Miss Manners: Politicians’ lack of gratitude is shortsighted

By Judith Martin, Nicholas Ivor Martin and Jacobina Martin Andrews McMeel Syndication

DEAR MISS MANNERS: My friend and I hosted a meet-and-greet for three local politicians. We spent considerable time planning the event, asking friends and neighbors to attend, and buying some light refreshments and beverages. We had about 25 people attend, and we were extremely pleased with the outcome.

I had several people contact me afterwards, saying that they were glad they attended and appreciated getting to hear these politicians. I did not hear from any of the candidates with a thank-you. I am surprised and disappointed that none of them bothered to text, email or call either of us. Where is common courtesy these days?

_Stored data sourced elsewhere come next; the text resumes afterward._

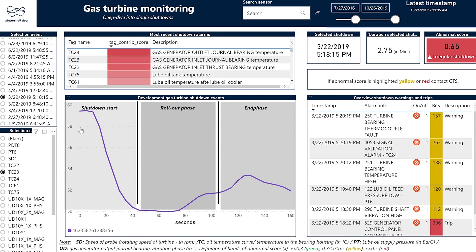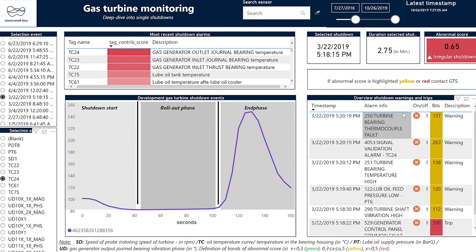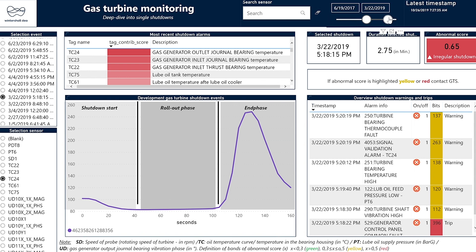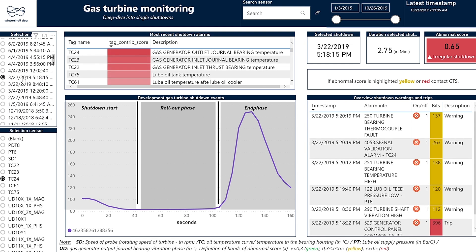You can also select different tags and visualize them in this graph here. Here you can also get the warnings and alarms which occur during the shutdown. You can also select particular shutdowns from a time period using this feature. When a shutdown occurs, a notification is sent to the electricians and maintenance engineers notifying them about the status of the shutdown and whether it was normal or abnormal.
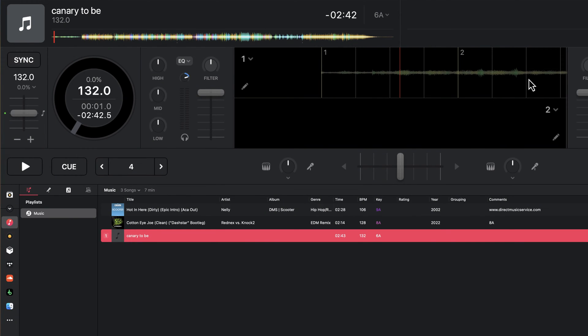Hey everyone, welcome back to Intro to DJing, and in this video I'm going to show you how to set your beat grids here in djay.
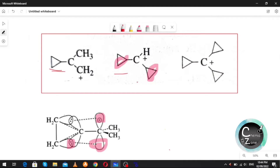If the molecule has one cyclopropyl ring it will be less stable, if it has two it will be more stable than that with one, and if it has three cyclopropyl rings then it will be the most stable. Now let's see one question.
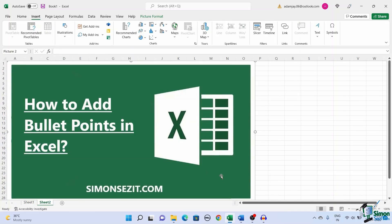That is all folks. In this video, we saw five easy ways to insert bullet points in Excel. You can use the ALT key, insert tab, or custom formatting to insert bullet points in Excel. Choose the method which suits you best and saves time.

GENTLE READER: And where is political expediency? Do these politicians really think they have no further need of enthusiastic voters willing to work on their behalf?

Miss Manners supposes that they could claim to be too busy to perform a simple courtesy. But small gestures, such as remembering people’s names, listening to their concerns, and certainly thanking them for their support, are a large part of effective campaigning. And the business of an elected official is to pay attention to his or her constituents. So busyness would not be a wise excuse.

DEAR MISS MANNERS: A friend invited me on a trip to see her second home. This involved her buying my airfare and paying for meals, as she knew upfront that I did not have the financial means to pay for the trip. She said from the beginning not to worry; she would take care of everything.

A few months later, she is on this line about how ungrateful I am because I didn’t send her a thank-you note, I didn’t buy her a gift, and I didn’t even offer to pay her back.

I thanked her profusely, verbally, time and time again. I can’t afford the type of gift she expects. I did send her a written thank-you note, late though it was. Why offer to do something you know you can’t afford? Am I right to feel that I am debt-free to this woman, under these circumstances?

GENTLE READER: Don’t worry; she probably feels free of you.

Miss Manners agrees that your hostess should not have lectured you about how a polite guest behaves. But then, why didn’t you behave like a polite guest? Apparently you only wrote her a letter of thanks when she pointed out its absence. And you could have sent her an inexpensive, but thoughtful, present.

DEAR MISS MANNERS: My understanding is that my fiancee and I should send out thank-you notes as soon as possible after our wedding. However, some people have (very kindly) already sent us wedding presents.

My fiancee thinks we should send our thank-you notes now; I think we should wait until after the wedding, so we can talk not only about their gift, but also make references to having enjoyed seeing them at the wedding.

GENTLE READER: You are fortunate enough to be marrying a proper lady who knows what to do. Miss Manners congratulates you.